Written by Tim Mak on Monday October 12, 2009

The Census Bureau has been hit with a deluge of criticism after NewMajority revealed that employees with criminal records may have been hired to knock on doors. Now, NewMajority has learned that the bureau miscalculated the cost of the 2010 Census by at least $4 billion and has no idea how much the count will end up costing.

Despite a $1 billion injection of money from the 2009 stimulus package, the Census Bureau is still struggling to perform routine tasks like criminal background checks and accurate cost estimation for the 2010 Census.

Over the last two days, the Census Bureau has been hit with a deluge of criticism after a Senate subcommittee hearing revealed the botching of nearly 36,000 criminal background checks and $88 million in cost overruns during the initial stages of the census.

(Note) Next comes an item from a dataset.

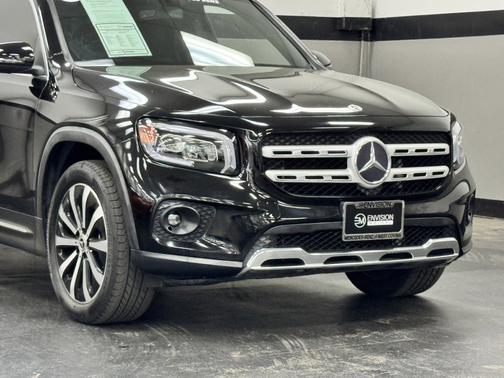 2021 Mercedes-Benz GLB 250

On Thursday, Rep. Patrick McHenry (R-NC), the ranking member on the House subcommittee for the census, condemned the “bureaucratic incompetence that [led] to the hiring of criminals as census takers,” saying that the Census Bureau’s failures were “unacceptable.”

The hearing also disclosed a budget estimation error of nearly $4 billion, a figure that could rise as the Bureau scrambles to make more accurate cost models.

The budget estimation process has gone so poorly that Sen. John McCain (R-AZ) said on Wednesday that Congress might have to “salvage what we can” of the 2010 census. McCain continued by suggesting “tighter controls” on the census budgeting process.

Despite the criticism that the Bureau is receiving, Census director Robert Groves is escaping relatively unscathed. “His fingerprints are not on [these] problems he inherited,” asserted Sen. Tom Coburn (R-OK) at the subcommittee hearing, “As a matter of fact... because he’s there, it’s probably going to cost less than what it would have had he not been there.”

Rep. McHenry’s spokesperson, Brock McCleary echoed these sentiments, denouncing the Bureau while expressing faith in Dr. Groves’ capabilities: “Clearly somewhere at the Bureau, there's a breakdown... [but] we haven’t lost faith in Dr. Groves. We’ve lost a lot of faith in the very large bureaucracy out at the Census Bureau.”

It remains to be seen whether the Census Bureau will improve its procedures for subsequent criminal record checks. “The real risk is [in] future field operations, especially for nonresponsive follow-up [where] around 600,000 enumerators will go door to door to collect data from households that did not mail back their census forms,” said GAO Director for Strategic Issues Robert Goldenkoff.

Regrettably, perhaps the only substantive suggestion provided thus far has involved FBI-approved hand lotion. “Some people have drier fingers than other people. If you have real dry hands, fingerprints don’t take as well. So we’re using some lotion that the FBI suggested,” said Dr. Groves during his hearing.

According to McCleary, the ball is in the Census Bureau’s court: “they need to communicate to us what it is they're doing to correct these problems and when we can expect some results.”

However, the aide to Rep. McHenry also left the door open to hearings on both cost overruns and the poorly executed criminal record checks: “We'll have to look at the majority and Chairman Clay to arrange a hearing [on the cost estimates], but certainly a hearing on the fingerprinting is warranted as well.”